噂を本当にすればいいのよ!お願いよハルト、
私を助けて!嘘つきにさせないで!」
「殿下の専属になる時に申し上げたはずです、
私には婚約者がいると」
「その婚約者との婚約は破棄したらいいじゃない!どう考えても、私が降嫁する方がコルベール家のためになるはずよ?」
「申し訳ございませんが、そうではありません」
「どうしてよ?」
「私の婚約者も精霊に愛されたコルベールの血筋の者です。王家の尊き血筋とはまた別のものであります。我が家に取りましては、血筋を濃く、力が衰えないようにするためには大切な縁組なのです。

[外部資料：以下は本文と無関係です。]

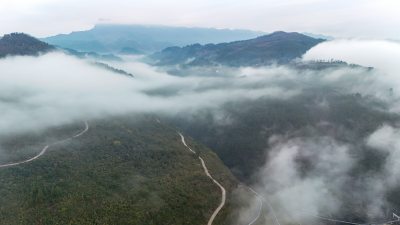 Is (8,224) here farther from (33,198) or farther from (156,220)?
(156,220)

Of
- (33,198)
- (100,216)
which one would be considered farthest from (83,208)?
(33,198)

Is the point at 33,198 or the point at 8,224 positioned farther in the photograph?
the point at 33,198

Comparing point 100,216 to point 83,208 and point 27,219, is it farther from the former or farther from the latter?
point 27,219

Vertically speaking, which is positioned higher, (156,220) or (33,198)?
(33,198)

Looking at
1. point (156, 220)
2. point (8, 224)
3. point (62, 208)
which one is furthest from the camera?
point (156, 220)

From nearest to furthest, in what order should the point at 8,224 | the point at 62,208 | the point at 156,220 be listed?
the point at 8,224 → the point at 62,208 → the point at 156,220

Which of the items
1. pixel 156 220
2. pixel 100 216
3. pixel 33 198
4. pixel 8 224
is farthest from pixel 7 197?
pixel 156 220

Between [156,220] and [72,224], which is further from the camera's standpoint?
[156,220]

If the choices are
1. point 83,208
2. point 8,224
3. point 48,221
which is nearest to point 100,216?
point 83,208

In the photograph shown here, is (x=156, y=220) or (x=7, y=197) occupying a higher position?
(x=7, y=197) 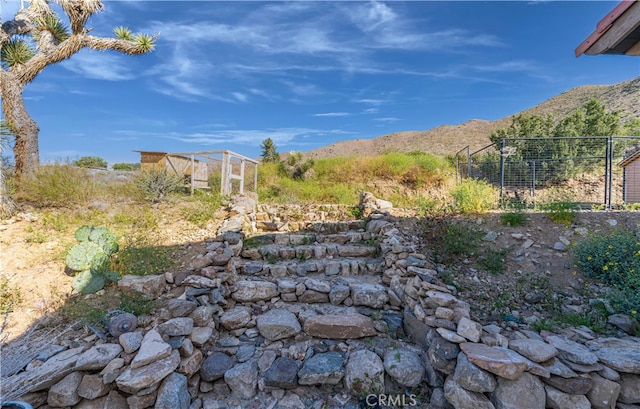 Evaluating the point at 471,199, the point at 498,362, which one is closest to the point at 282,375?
the point at 498,362

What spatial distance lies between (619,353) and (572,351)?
0.33m

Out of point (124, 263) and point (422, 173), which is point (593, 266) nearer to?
point (124, 263)

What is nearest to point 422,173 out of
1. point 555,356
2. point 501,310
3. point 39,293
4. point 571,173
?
point 571,173

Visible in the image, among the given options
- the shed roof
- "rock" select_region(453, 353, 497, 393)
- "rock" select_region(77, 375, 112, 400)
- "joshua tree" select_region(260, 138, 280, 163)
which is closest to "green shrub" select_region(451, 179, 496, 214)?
the shed roof

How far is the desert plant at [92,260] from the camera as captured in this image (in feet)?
9.46

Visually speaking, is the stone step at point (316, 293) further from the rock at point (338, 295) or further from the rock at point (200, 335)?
the rock at point (200, 335)

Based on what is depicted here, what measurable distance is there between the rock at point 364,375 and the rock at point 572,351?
1.34 metres

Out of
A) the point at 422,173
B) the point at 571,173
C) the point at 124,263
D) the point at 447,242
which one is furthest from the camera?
the point at 571,173

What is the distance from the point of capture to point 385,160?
10.2m

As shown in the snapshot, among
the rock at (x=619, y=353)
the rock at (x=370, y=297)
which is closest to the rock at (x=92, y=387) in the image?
the rock at (x=370, y=297)

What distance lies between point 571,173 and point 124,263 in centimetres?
1413

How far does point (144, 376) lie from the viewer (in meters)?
2.04

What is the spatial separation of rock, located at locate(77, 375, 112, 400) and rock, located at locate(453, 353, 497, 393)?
8.47 ft

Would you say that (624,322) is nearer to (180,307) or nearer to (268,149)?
(180,307) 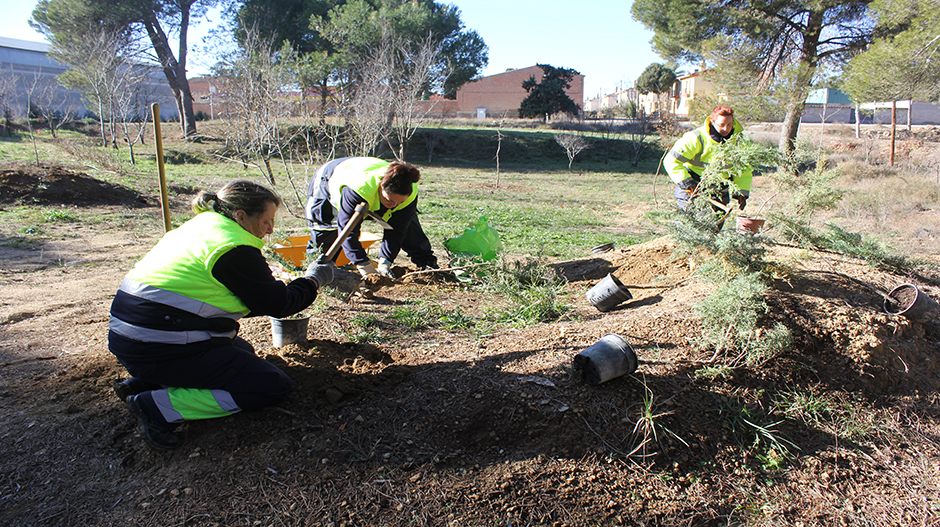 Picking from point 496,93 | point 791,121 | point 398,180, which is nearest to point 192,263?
point 398,180

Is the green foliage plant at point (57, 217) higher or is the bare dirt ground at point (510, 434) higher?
the green foliage plant at point (57, 217)

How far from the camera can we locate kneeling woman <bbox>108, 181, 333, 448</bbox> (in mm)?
2160

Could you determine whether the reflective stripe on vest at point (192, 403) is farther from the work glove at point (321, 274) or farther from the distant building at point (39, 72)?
the distant building at point (39, 72)

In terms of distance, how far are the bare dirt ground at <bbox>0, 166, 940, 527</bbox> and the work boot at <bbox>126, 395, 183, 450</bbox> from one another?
0.15 ft

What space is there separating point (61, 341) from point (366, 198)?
2.18 m

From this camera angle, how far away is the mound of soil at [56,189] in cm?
898

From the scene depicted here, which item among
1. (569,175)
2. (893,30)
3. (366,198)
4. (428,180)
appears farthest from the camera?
(569,175)

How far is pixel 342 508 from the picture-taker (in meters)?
2.00

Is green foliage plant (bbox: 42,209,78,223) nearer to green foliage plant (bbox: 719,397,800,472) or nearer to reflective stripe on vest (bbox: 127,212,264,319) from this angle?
reflective stripe on vest (bbox: 127,212,264,319)

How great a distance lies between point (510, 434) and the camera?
7.82 ft

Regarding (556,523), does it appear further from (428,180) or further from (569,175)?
(569,175)

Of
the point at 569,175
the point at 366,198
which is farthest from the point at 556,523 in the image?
the point at 569,175

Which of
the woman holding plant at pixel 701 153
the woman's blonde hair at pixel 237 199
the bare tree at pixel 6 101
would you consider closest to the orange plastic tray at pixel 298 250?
the woman's blonde hair at pixel 237 199

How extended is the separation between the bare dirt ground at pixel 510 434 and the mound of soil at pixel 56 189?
714 cm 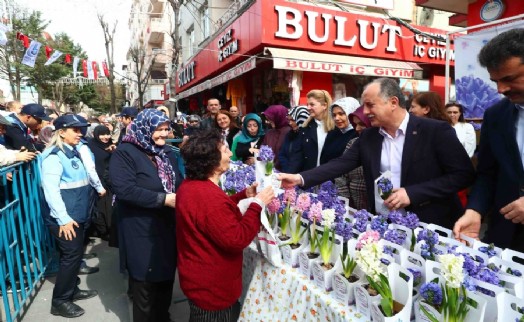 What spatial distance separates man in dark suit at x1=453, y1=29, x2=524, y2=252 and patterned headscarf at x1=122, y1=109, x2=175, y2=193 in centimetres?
189

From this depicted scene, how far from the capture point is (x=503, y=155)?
5.72ft

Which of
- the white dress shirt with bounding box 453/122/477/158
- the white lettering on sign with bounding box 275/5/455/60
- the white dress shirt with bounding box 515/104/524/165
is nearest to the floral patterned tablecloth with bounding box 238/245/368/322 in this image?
the white dress shirt with bounding box 515/104/524/165

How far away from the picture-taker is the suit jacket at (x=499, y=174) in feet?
5.58

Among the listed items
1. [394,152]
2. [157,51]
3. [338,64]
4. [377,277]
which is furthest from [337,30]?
[157,51]

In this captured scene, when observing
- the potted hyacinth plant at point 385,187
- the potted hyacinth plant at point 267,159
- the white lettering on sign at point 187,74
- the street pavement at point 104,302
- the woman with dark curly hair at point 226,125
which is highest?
the white lettering on sign at point 187,74

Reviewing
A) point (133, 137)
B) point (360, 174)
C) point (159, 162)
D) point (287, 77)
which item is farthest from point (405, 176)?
point (287, 77)

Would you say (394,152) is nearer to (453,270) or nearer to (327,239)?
(327,239)

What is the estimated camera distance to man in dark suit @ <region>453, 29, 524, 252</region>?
1.47 metres

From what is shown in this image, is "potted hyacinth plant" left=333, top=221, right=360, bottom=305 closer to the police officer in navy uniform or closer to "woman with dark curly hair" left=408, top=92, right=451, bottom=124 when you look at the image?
"woman with dark curly hair" left=408, top=92, right=451, bottom=124

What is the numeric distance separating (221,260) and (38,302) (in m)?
2.61

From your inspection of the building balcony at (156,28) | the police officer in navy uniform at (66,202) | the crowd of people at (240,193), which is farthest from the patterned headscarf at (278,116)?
the building balcony at (156,28)

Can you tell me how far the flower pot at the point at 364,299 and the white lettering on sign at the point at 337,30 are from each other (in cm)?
747

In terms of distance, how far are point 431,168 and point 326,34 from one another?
Answer: 7209 mm

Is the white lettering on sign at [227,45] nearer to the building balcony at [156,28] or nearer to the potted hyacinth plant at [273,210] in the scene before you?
the potted hyacinth plant at [273,210]
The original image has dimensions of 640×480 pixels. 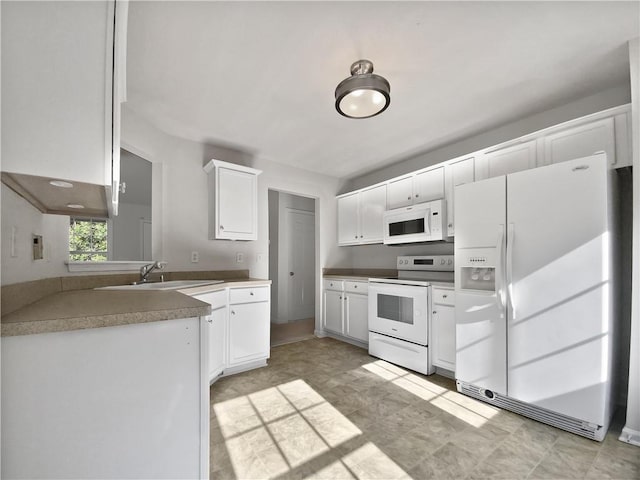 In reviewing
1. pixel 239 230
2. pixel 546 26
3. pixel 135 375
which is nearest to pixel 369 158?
pixel 239 230

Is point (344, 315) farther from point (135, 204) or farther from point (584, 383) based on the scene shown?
point (135, 204)

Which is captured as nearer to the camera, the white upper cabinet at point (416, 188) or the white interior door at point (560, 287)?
the white interior door at point (560, 287)

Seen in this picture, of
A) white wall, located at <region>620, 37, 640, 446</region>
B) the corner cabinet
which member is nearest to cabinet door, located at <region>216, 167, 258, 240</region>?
the corner cabinet

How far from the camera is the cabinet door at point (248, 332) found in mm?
2750

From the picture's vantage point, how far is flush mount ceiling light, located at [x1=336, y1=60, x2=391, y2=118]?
185 centimetres

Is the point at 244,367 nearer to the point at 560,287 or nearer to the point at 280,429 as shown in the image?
the point at 280,429

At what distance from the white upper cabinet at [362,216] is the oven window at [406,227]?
0.26 metres

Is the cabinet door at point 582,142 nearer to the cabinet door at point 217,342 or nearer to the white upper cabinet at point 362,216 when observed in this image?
the white upper cabinet at point 362,216

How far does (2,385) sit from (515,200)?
8.87 ft

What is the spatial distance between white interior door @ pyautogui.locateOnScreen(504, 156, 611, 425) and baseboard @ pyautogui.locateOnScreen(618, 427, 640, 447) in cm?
19

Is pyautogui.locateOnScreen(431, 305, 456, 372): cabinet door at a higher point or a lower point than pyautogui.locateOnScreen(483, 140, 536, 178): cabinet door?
lower

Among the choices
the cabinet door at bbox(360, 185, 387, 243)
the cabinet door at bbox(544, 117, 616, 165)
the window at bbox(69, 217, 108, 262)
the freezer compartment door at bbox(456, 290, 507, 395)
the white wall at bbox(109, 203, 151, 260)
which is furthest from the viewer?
the white wall at bbox(109, 203, 151, 260)

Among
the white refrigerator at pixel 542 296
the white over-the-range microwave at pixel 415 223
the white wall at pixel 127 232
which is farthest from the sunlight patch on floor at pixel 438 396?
the white wall at pixel 127 232

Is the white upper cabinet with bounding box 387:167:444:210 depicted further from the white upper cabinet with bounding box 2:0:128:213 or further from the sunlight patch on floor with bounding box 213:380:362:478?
the white upper cabinet with bounding box 2:0:128:213
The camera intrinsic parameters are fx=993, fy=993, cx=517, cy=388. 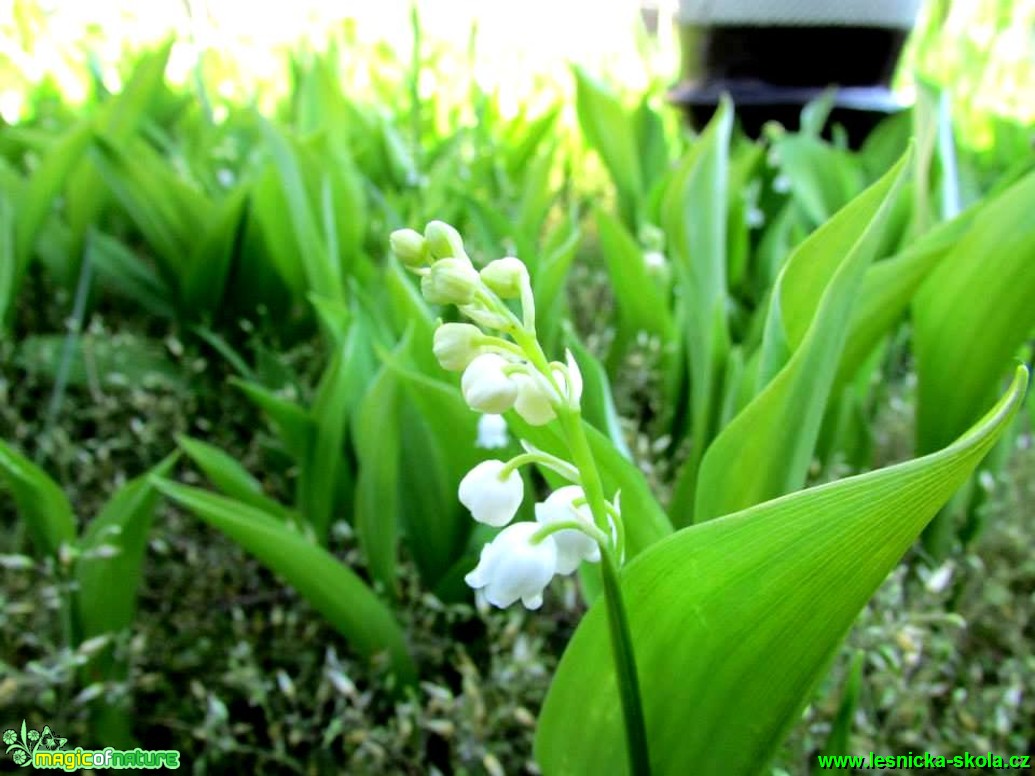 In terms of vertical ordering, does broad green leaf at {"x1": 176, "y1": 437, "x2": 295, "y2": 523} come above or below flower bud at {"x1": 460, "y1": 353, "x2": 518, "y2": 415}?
below

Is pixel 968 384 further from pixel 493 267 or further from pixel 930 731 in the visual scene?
pixel 493 267

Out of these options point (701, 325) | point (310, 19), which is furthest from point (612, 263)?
point (310, 19)

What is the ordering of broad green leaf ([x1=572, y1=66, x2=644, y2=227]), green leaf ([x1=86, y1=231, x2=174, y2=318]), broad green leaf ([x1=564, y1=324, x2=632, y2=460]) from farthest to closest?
broad green leaf ([x1=572, y1=66, x2=644, y2=227]) → green leaf ([x1=86, y1=231, x2=174, y2=318]) → broad green leaf ([x1=564, y1=324, x2=632, y2=460])

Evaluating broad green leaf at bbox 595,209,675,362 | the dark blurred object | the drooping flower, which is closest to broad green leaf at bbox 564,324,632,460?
the drooping flower

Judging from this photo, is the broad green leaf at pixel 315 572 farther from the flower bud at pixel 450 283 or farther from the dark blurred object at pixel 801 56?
the dark blurred object at pixel 801 56

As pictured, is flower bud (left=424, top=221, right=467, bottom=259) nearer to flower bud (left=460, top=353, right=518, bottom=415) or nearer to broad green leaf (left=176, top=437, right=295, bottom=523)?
flower bud (left=460, top=353, right=518, bottom=415)

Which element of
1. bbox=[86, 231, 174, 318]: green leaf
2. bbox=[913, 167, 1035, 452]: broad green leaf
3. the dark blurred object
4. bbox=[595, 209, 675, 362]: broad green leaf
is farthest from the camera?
the dark blurred object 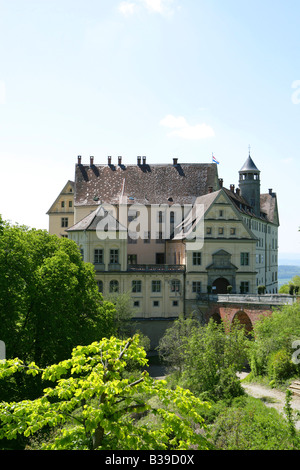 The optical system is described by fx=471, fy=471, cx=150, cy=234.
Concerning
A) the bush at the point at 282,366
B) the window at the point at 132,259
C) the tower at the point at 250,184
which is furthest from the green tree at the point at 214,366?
the tower at the point at 250,184

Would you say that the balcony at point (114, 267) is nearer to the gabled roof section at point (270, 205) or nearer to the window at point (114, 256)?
the window at point (114, 256)

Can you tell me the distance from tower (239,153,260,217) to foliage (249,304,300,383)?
40865 millimetres

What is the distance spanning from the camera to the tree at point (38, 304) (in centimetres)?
2491

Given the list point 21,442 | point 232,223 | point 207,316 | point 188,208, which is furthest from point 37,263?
point 188,208

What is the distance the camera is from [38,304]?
89.4 feet

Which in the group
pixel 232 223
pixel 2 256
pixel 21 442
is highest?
pixel 232 223

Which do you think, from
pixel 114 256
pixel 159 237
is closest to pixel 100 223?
pixel 114 256

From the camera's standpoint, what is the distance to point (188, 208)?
59.3 m

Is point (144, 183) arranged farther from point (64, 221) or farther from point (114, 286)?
point (114, 286)

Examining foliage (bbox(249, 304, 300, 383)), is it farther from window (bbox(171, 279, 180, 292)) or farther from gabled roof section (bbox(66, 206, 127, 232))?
gabled roof section (bbox(66, 206, 127, 232))

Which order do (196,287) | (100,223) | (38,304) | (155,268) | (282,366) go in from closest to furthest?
(282,366), (38,304), (100,223), (196,287), (155,268)

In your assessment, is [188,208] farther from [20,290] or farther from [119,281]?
[20,290]

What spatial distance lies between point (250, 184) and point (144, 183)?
1871 cm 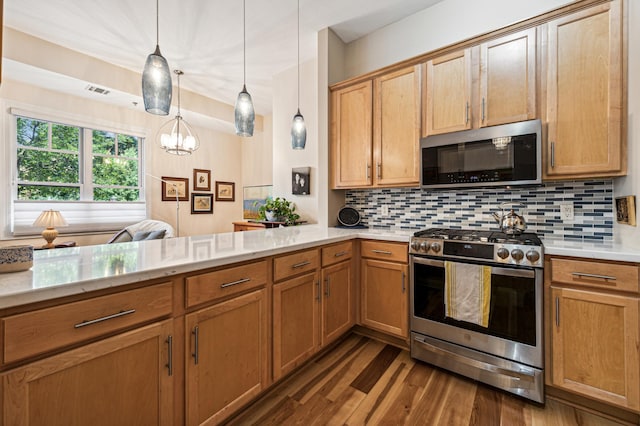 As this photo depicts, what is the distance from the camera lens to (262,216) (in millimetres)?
3486

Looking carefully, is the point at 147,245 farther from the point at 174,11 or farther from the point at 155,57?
the point at 174,11

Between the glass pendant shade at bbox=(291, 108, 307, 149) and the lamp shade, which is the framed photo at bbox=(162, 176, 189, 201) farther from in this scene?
the glass pendant shade at bbox=(291, 108, 307, 149)

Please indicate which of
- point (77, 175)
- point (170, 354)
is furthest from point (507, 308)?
point (77, 175)

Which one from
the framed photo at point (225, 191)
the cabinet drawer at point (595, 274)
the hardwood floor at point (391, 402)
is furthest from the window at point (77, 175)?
the cabinet drawer at point (595, 274)

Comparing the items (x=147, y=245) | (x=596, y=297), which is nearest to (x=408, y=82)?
(x=596, y=297)

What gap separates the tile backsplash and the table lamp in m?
3.67

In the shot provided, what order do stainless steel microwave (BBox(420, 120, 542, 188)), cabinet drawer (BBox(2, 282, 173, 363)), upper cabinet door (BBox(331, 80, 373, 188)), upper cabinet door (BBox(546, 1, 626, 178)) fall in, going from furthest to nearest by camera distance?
upper cabinet door (BBox(331, 80, 373, 188)), stainless steel microwave (BBox(420, 120, 542, 188)), upper cabinet door (BBox(546, 1, 626, 178)), cabinet drawer (BBox(2, 282, 173, 363))

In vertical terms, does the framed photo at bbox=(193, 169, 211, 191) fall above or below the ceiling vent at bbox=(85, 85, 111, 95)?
below

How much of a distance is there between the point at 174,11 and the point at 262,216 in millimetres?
2251

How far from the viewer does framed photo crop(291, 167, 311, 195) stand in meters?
3.37

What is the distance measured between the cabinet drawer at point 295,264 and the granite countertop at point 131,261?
6cm

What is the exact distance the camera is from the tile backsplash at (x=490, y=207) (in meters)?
1.91

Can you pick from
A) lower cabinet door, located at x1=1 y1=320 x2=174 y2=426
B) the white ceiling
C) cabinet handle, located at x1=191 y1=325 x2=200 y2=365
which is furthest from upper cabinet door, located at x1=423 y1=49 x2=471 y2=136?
lower cabinet door, located at x1=1 y1=320 x2=174 y2=426

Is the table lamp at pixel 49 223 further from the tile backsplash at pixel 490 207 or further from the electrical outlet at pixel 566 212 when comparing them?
the electrical outlet at pixel 566 212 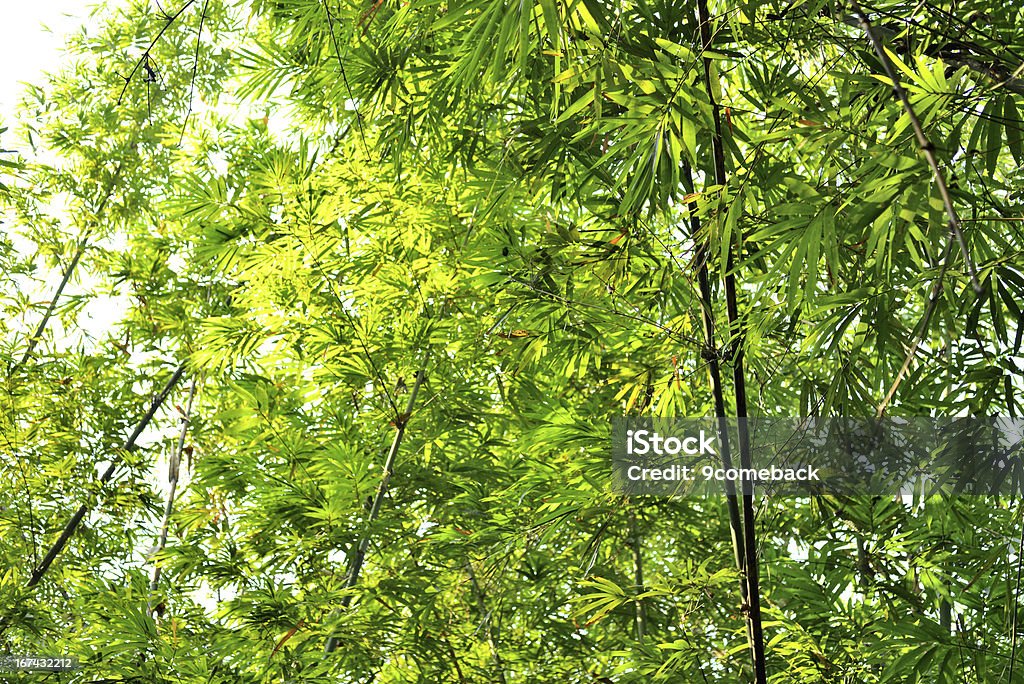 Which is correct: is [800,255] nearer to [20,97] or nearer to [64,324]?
[64,324]

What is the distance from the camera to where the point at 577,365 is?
248 centimetres

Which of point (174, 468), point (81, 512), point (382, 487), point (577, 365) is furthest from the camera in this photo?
point (174, 468)

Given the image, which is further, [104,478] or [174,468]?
[174,468]

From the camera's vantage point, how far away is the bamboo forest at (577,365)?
155 centimetres

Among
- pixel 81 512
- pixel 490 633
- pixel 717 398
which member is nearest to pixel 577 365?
pixel 717 398

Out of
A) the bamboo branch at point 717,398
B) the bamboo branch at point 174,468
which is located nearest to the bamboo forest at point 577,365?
the bamboo branch at point 717,398

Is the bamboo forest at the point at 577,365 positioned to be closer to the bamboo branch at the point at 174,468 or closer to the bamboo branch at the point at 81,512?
the bamboo branch at the point at 81,512

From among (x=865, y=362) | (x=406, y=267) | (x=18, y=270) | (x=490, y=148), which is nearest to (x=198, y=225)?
(x=406, y=267)

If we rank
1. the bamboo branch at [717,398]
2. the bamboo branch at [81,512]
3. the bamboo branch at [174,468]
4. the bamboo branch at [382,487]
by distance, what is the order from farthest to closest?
the bamboo branch at [174,468] < the bamboo branch at [81,512] < the bamboo branch at [382,487] < the bamboo branch at [717,398]

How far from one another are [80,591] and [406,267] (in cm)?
155

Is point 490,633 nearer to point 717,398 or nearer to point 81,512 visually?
point 717,398

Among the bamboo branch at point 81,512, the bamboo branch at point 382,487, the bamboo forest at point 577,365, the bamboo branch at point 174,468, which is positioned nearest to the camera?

しかしそんな事を差し引いても、私は婚約者の事を誰よりも愛しく思っております。彼女以外との結婚は考えられません」
「わ、わ、私よりもその女と結婚したいというの!?それじゃあ噂はどうするのよ!私に恥をかかせるつもり!?」
「噂なんて放っておけばそのうち消えます。殿下がその令嬢に本当の事を仰れば嘘吐きにもなりませんし、恥もおかきにならないかと……」
ハルトは淡々と告げた。
心底どうでもよい事だった。
「貴方を不敬罪で罰するようにお父様に言うわよ?」
「何故でございましょう?罰せられるべきは嘘の噂を流した殿下の侍女であって然るべきです。私ではない」
「いいえ!私ではなく他の女を選ぶなんて許せないもの!厳しい罰を与えて貰うから!」
一体どういう思考をすれば
そういう結論に至るのか……。
面倒くさい事になったと
ハルトは心の中で舌打ちした。
さて、この場をどう切り抜けるか……と考えた
その時、聞き覚えのある声がした。
「そこまでだ、レティシア。見苦しいぞ」
「……お兄様っ!?」
王太子シルヴァンがレティシアの部屋の入り口に
立っていた。
ハルトは部屋の扉を閉めなかったので、おそらく今の会話は聞かれていただろう。
「殿下」
ハルトが胸に手を当て礼を執ると、
シルヴァンは言った。
「コルベール、
愚妹がバカな事を言ってすまなかったな。
お前はもう下がれ」
「はい、では御前を失礼いたします」
「ちょっと待ってハルト!まだ話は終わってないわ!」
レティシアが尚も食い下がろうしていたが、
王太子の言葉の方に従うのが道理だ。
しかもハルトは既に王太子の騎士である。
レティシアがギャアギャアと何やら喚いていたが、
全て無視してハルトは王女宮を後にした。
王女レティシアが涼しい顔の裏側で結婚を焦っているのは知っていたが、
まさかこんな手に出てくるとは思わなかった。
「……バカバカしい」
なんだかどっと疲れを感じたハルトは
本日4度目のため息を盛大に吐いた。